Originally the ancient city of Lissus, now Lezhë, consisted of two sections: the high fortified mountain Akrolissus, and the lower hill with the acropolis and main city to the west. Only this latter section forms part of the National Park and is easily accessible. The main town lies on the principal north-south road link along the coast and the fortified acropolis is easily reachable from the modern town centre.

The city was a major Illyrian tribal centre and is renowned for its set of grandiose walls with a number of major gateways that encircled the acropolis and stretched down to the banks of the river Drin, which runs past the city. In the 1st century BC Lezhë was the capital of King Genti, leader of a confederation of Illyrian tribes allied to Macedonia against Rome.

In the lower city by the river are the remains of buildings of the Roman period, including a small set of baths. The city clearly existed into late antiquity when some of the Roman structures were reused; indeed, the baths seem to have been converted into a church.

A second period of greatness for Lissus came during the 15th century when the town was one of the principal fortresses of the George Kastrioti Skanderbeg during his epic struggle against the Ottoman Turks.

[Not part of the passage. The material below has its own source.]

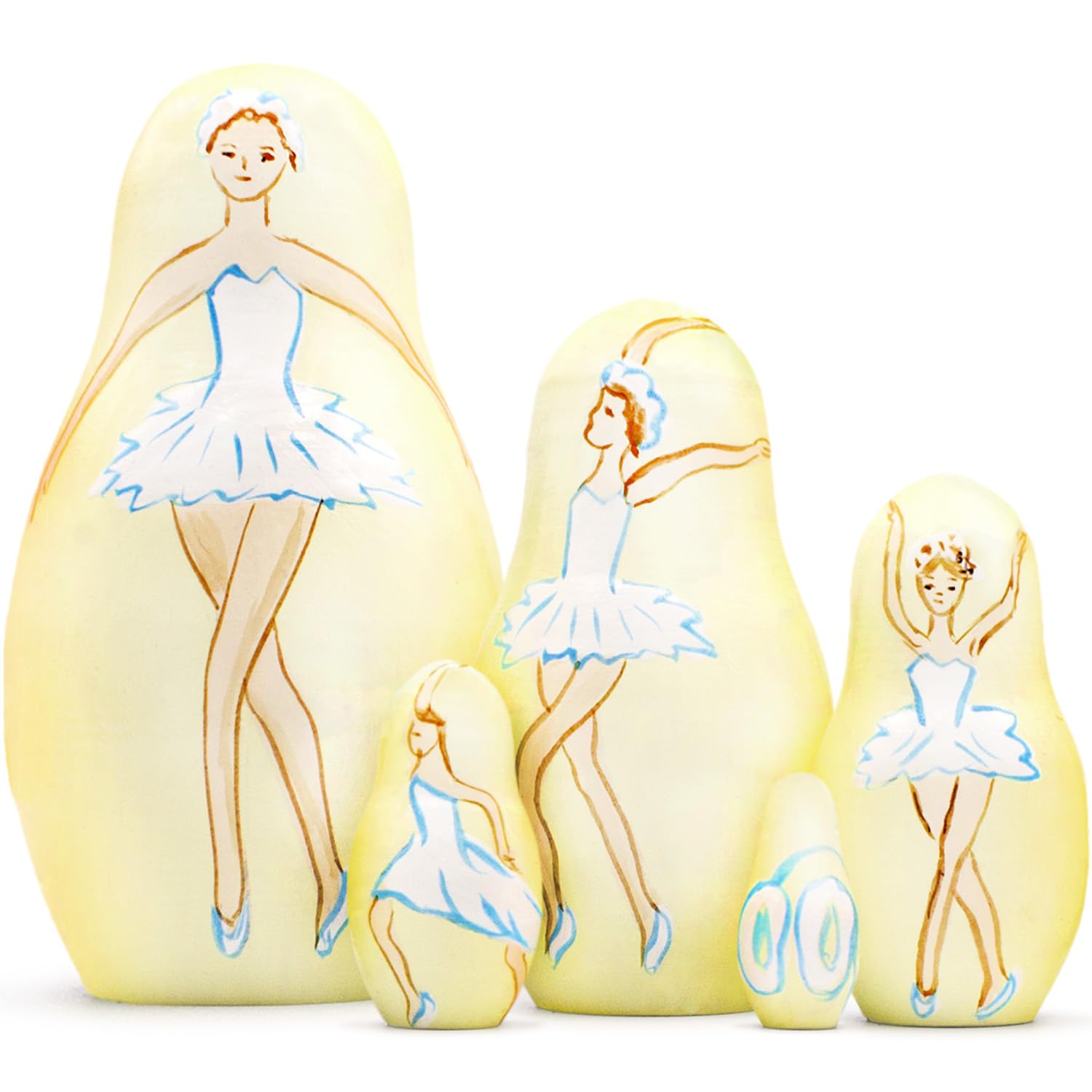 Aevvv Bolshoi Ballet Russian Nesting Dolls Set 5 Pcs - Ballerina Gifts - Matryoshka Ballerina Doll - Wooden Ballerina - Ballerin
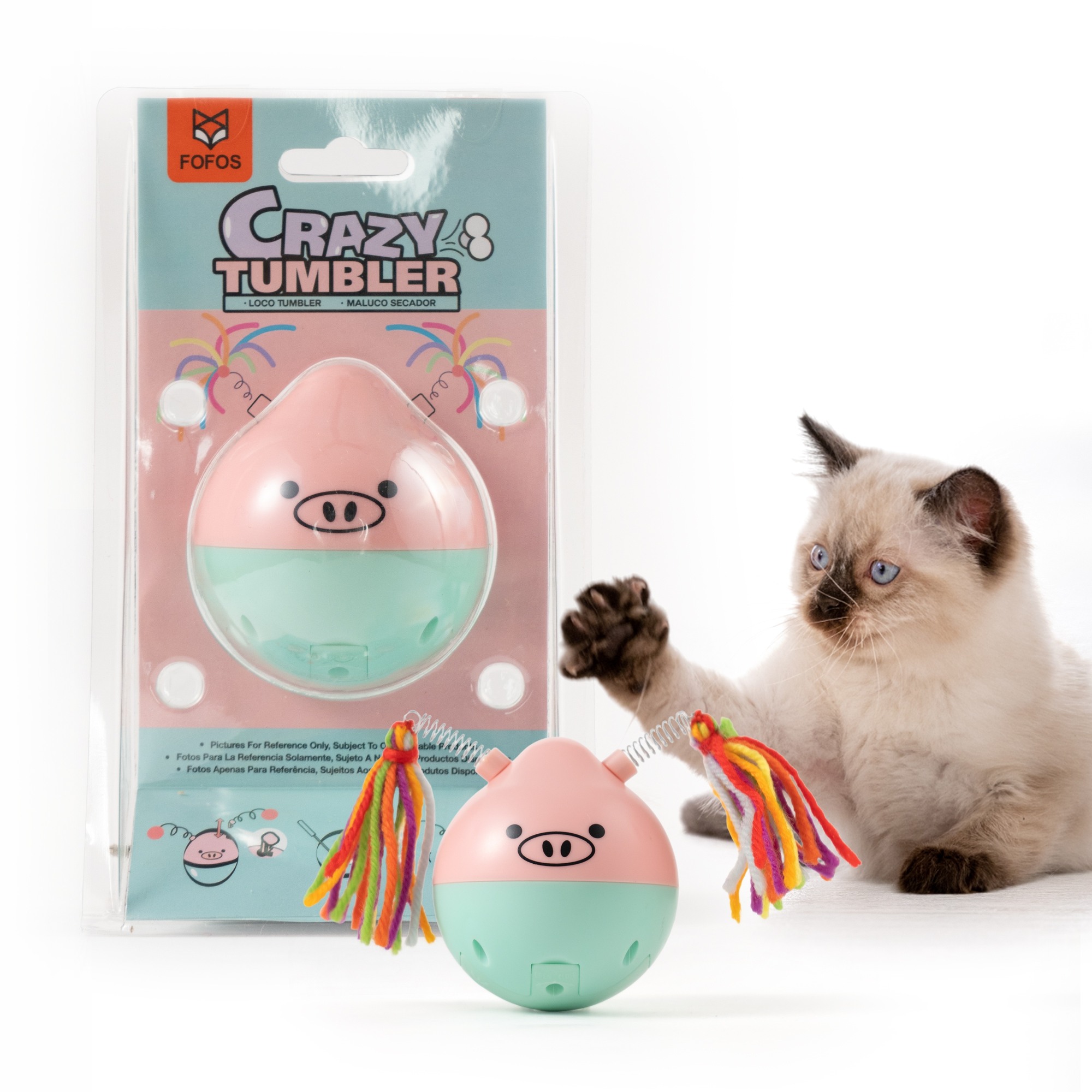 FOFOS Crazy Tumbler Pig Toy for Cats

The castle on the acropolis was rebuilt and the lower city was a thriving township. This is the place where the League of Lezhë, an alliance of Albanian and other princesses, was formed against the Ottoman Turks. Following Skanderbeg’s death he was buried in the cathedral church of St. Nicholas.

Under the Turkish occupation the cathedral was converted into a mosque but during work of the 500th anniversary of Skanderbeg’s death in 1967 the church was once again exposed and made the focus of a national memorial in the lower city, which was cleared of its other buildings. The church, under an enormous cover building, is now the most prominent structure in this area of the town.